Google Webmaster Central Blog - Official news on crawling and indexing sites for the Google index

Improved handling of URLs with parameters

Friday, July 22, 2011 at 8:15 AM

Webmaster level: Advanced

You may have noticed that the Parameter Handling feature disappeared from the Site configuration > Settings section of Webmaster Tools. Fear not; you can now find it under its new name, URL Parameters! Along with renaming it, we refreshed and improved the feature. We hope you’ll find it even more useful. Configuration of URL parameters made in the old version of the feature will be automatically visible in the new version. Before we reveal all the cool things you can do with URL parameters now, let us remind you (or introduce, if you are new to this feature) of the purpose of this feature and when it may come in handy.

When to use
URL Parameters helps you control which URLs on your site should be crawled by Googlebot, depending on the parameters that appear in these URLs. This functionality provides a simple way to prevent crawling duplicate content on your site. Now, your site can be crawled more effectively, reducing your bandwidth usage and likely allowing more unique content from your site to be indexed. If you suspect that Googlebot's crawl coverage of the content on your site could be improved, using this feature can be a good idea. But with great power comes great responsibility! You should only use this feature if you're sure about the behavior of URL parameters on your site. Otherwise you might mistakenly prevent some URLs from being crawled, making their content no longer accessible to Googlebot.

A lot more to do
Okay, let’s talk about what’s new and improved. To begin with, in addition to assigning a crawl action to an individual parameter, you can now also describe the behavior of the parameter. You start by telling us whether or not the parameter changes the content of the page. If the parameter doesn’t affect the page’s content then your work is done; Googlebot will choose URLs with a representative value of this parameter and will crawl the URLs with this value. Since the parameter doesn’t change the content, any value chosen is equally good. However, if the parameter does change the content of a page, you can now assign one of four possible ways for Google to crawl URLs with this parameter:
  • Let Googlebot decide
  • Every URL
  • Only crawl URLs with value=x
  • No URLs
We also added the ability to provide your own specific value to be used, with the “Only URLs with value=x” option; you’re no longer restricted to the list of values that we provide. Optionally, you can also tell us exactly what the parameter does--whether it sorts, paginates, determines content, etc. One last improvement is that for every parameter, we’ll try to show you a sample of example URLs from your site that Googlebot crawled which contain that particular parameter.

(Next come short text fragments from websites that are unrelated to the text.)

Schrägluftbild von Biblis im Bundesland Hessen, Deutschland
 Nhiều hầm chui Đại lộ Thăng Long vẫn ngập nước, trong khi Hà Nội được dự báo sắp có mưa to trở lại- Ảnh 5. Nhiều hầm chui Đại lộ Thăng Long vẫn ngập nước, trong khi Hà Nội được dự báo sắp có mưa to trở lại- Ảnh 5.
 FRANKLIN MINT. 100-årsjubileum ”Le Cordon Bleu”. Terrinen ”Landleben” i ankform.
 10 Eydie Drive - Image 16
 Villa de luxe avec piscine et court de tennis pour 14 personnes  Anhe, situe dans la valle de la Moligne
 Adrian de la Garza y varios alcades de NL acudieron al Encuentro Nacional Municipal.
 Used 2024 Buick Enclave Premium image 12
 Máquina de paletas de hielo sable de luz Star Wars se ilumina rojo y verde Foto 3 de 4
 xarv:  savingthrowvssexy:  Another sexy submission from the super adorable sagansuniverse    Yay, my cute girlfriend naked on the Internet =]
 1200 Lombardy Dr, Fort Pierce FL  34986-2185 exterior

Of the four crawl options listed above, “No URLs” is new and deserves special attention. This option is the most restrictive and, for any given URL, takes precedence over settings of other parameters in that URL. This means that if the URL contains a parameter that is set to the “No URLs” option, this URL will never be crawled, even if other parameters in the URL are set to “Every URL.” You should be careful when using this option. The second most restrictive setting is “Only URLs with value=x.”

Feature in use
Now let’s do something fun and exercise our brains on an example.
- - -
Once upon a time there was an online store, fairyclothes.example.com. The store’s website used parameters in its URLs, and the same content could be reached through multiple URLs. One day the store owner noticed, that too many redundant URLs could be preventing Googlebot from crawling the site thoroughly. So he sent his assistant CuriousQuestionAsker to The GreatWebWizard to get advice on using the URL parameters feature to reduce the duplicate content crawled by Googlebot. The Great WebWizard was famous for his wisdom. He looked at the URL parameters and proposed the following configuration:

Parameter nameEffect on content?What should Googlebot crawl?
trackingIdNoneOne representative URL
sortOrderSortsOnly URLs with value = ‘lowToHigh’
sortBySortsOnly URLs with value = ‘price’
filterByColorNarrowsNo URLs
itemIdSpecifiesEvery URL
pagePaginatesEvery URL

The CuriousQuestionAsker couldn’t avoid his nature and started asking questions:

CuriousQuestionAsker: You’ve instructed Googlebot to choose a representative URL for trackingId (value to be chosen by Googlebot). Why not select the Only URLs with value=x option and choose the value myself?
Great WebWizard: While crawling the web Googlebot encountered the following URLs that link to your site:
  1. fairyclothes.example.com/skirts/?trackingId=aaa123
  2. fairyclothes.example.com/skirts/?trackingId=aaa124
  3. fairyclothes.example.com/trousers/?trackingId=aaa125
Imagine that you were to tell Googebot to only crawl URLs where “trackingId=aaa125”. In that case Googlebot would not crawl URLs 1 and 2 as neither of them has the value aaa125 for trackingId. Their content would neither be crawled nor indexed and none of your inventory of fine skirts would show up in Google’s search results. No, for this case choosing a representative URL is the way to go. Why? Because that tells Googlebot that when it encounters two URLs on the web that differ only in this parameter (as URLs 1 and 2 above do) then it only needs to crawl one of them (either will do) and it will still get all the content. In the example above two URLs will be crawled; either 1 & 3, or 2 & 3. Not a single skirt or trouser will be lost.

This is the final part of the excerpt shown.